Dokładnie za 19 dni na starcie maratonu w Walencji już po raz 45 stanie ponad 25 000 biegaczy. Uczestnicy z całego świata ruszą sprzed Ciudad de las Artes y las Ciencias, by pokonać 42,195 km i wrócić w to samo miejsce, finiszując z medalem na szyi w hiszpańskim słońcu. Wśród startujących znajdą się także ci, dla których ważniejszy od medalu będzie wyśrubowany wynik. Zapowiedź tych najszybszych przedstawiliśmy w tym artykule.
Tak było w 2024, a jak będzie w 2025?
Biegacze, którzy ukończyli zeszłoroczną edycję otrzymali złote medale z nadrukowaną mapą trasy maratonu.
Dzisiaj na portalu X, Maraton Valencia opublikował post prezentujący tegoroczny medal i jego motyw. Głównym elementem jest kompleks budynków należących do Ciudad de las Artes y las Ciencias, czyli obiektów kulturalno-rozrywkowych w hiszpańskiej Walencji, gdzie znajduje się meta biegu. Spoglądając na zdjęcie poniżej z łatwością można rozpoznać wygrawerowane obiekty, które jednocześnie stanowią rzeczywiste tło prezentowanego medalu. Warto zwrócić uwagę na coś jeszcze…

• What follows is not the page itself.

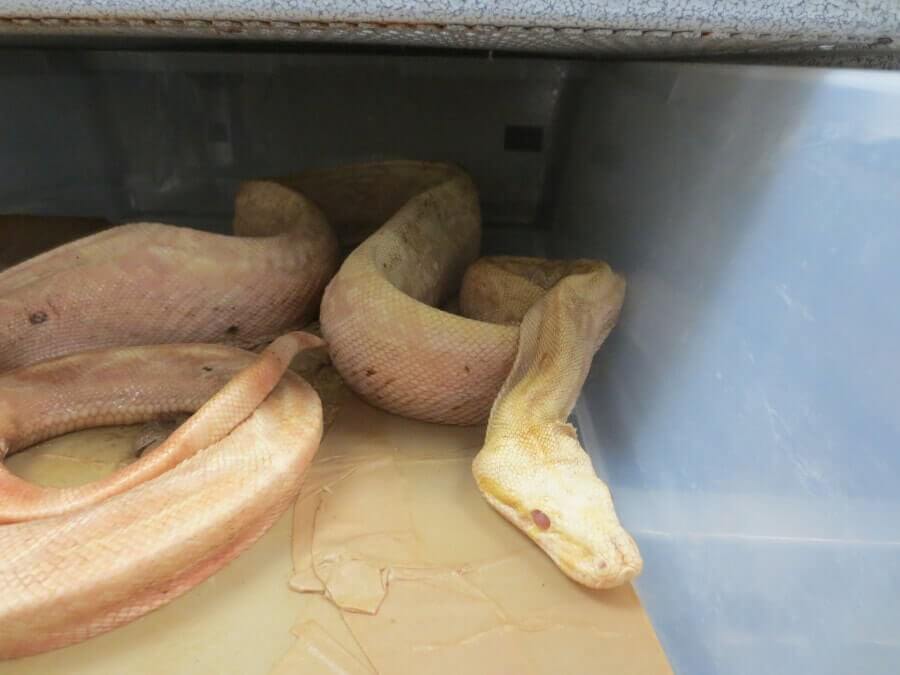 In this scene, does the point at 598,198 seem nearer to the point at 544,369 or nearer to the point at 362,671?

Ciekawym elementem jest dopisek ,,paradise” który stanowi nieoczywiste uzupełnienie do ,,Valencia Marathon”. Ten element wraz z 3 określeniami ,,płaski, szybki, słoneczny” ma sugerować, że ta impreza to istny ,,Maraton raju”!
Miejsce, które znajduje się na tarczy medalu zachwyca nie tylko w dniu biegu, na co dzień również przyciąga tłumy turystów. Zanim dotrzecie do tego miejsca zachęcamy Was do zapoznania się z kilkoma ciekawostkami na temat tego kompleksu, aby w dniu triumfu jeszcze bardziej poczuć wyjątkowość tego miejsca.
Sportowe serce miasta – Mieszkańcy Walencji chętnie biegają i spacerują wśród futurystycznych budynków. Turyści mogą korzystać z segwayów, łódek i kajaków, często z przewodnikiem.
Od taniego do bardzo drogiego – Projekt, który miał kosztować 164 mln euro, ostatecznie pochłonął ponad 1,24 mld euro.
Architektura jak z innej planety – Futurystyczne budynki Calatravy przypominają oko i ruchome struktury, które według niektórych mogłyby zostać uznane przez kosmitów za ślad inteligentnego życia.
Gulliver w skali XXL – Obok kompleksu znajduje się 70-metrowa rzeźba Gullivera z rampami i zjeżdżalniami, po której można się wspinać jak „Lilipucianie”.
Słodka, krystaliczna woda – Woda w basenach jest słodka, bo lepiej odbija światło i tworzy efekt turkusu, który uwielbia Calatrava.
Niezwykła akustyka – Pod łukami przy wejściu do muzeum można prowadzić rozmowę na 50 metrów dzięki sprytnej grze architekta z dźwiękiem.
Największa sala projekcyjna w Hiszpanii – Hemisfèric ma ekran o powierzchni 900 m² i trzy systemy projekcji, a z zewnątrz wygląda jak ogromne ludzkie oko.
Most z widokiem, którego nie ma – Puente de l’Assut d’Or miał mieć taras widokowy, co pomogło wygrać konkurs, ale nigdy go nie zrealizowano.
Miasto w dawnym korycie rzeki – Kompleks powstał na końcu starego koryta rzeki Turia, która po powodzi w 1957 roku została przekierowana, a teren zamieniono w ogród.
Agora – przestrzeń, która czekała dekadę – Futurystyczna hala planowana na wydarzenia sportowe i koncerty była zamknięta prawie 10 lat, aż przekształcono ją w CaixaForum Valencia.